(Image-caption web data)
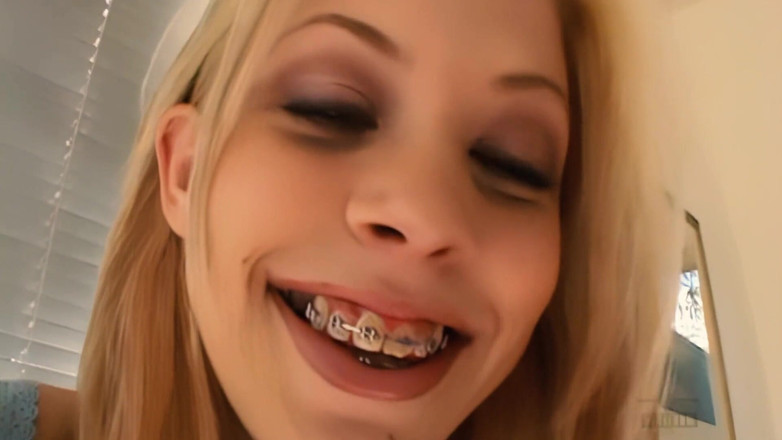 BestPorn85: Leah luv geri uzanıyor ve büyük siyah yarağı sıkı amına...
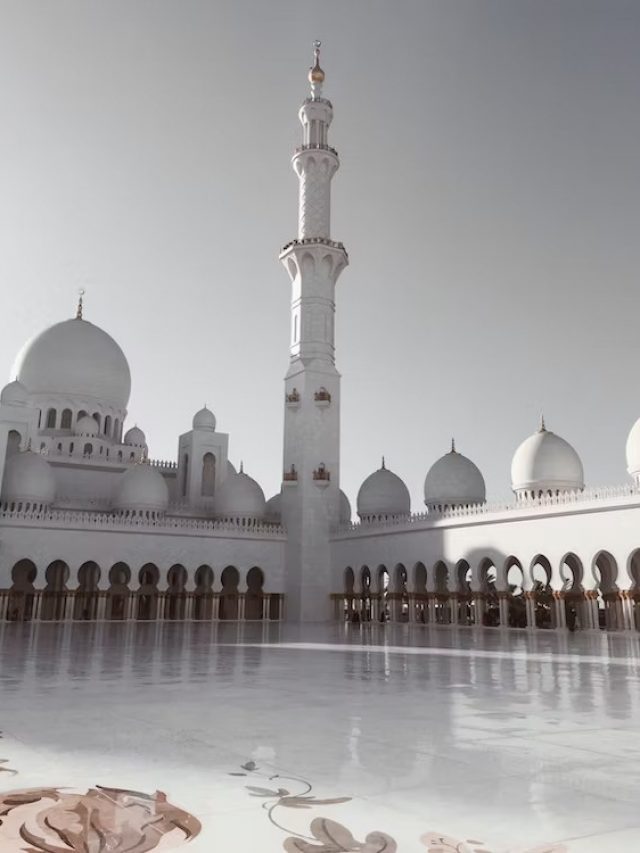 7 Majestic Mosques In The Middle East That You Must Visit Once
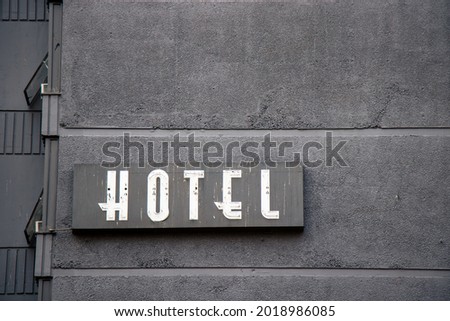 View o sign Hotel against the concrete wall in downtown Vancouver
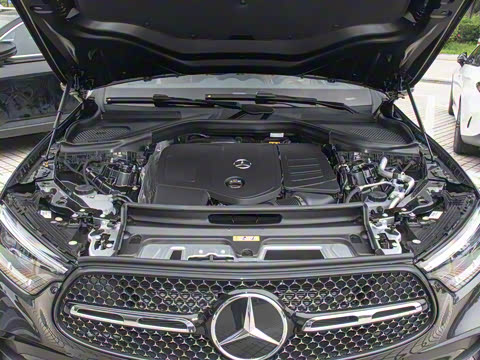 2025�� �Ŀ� GLC 260 4MATIC ����SUV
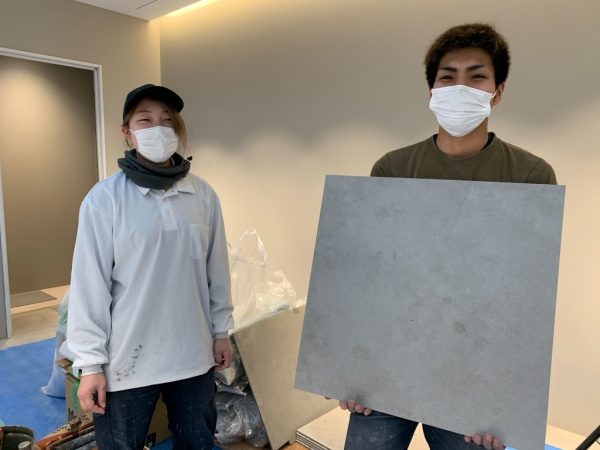 原田左官　タイル職人の土居さんと西泊さん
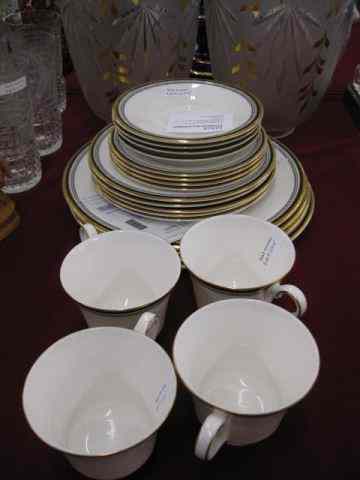 Appraisal: pc Royal Doulton ''Pavanne'' DinnerService for H- excellent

→ **WHAT THIS TASK INVOLVES**:
In the records above, find the line that contains "7 Majestic Mosques" and repeat exactly that line and all lines after it to the end. Do not include pictures.

→ **TASK RESULT**:
 7 Majestic Mosques In The Middle East That You Must Visit Once
 View o sign Hotel against the concrete wall in downtown Vancouver
 2025�� �Ŀ� GLC 260 4MATIC ����SUV
 原田左官　タイル職人の土居さんと西泊さん
 Appraisal: pc Royal Doulton ''Pavanne'' DinnerService for H- excellent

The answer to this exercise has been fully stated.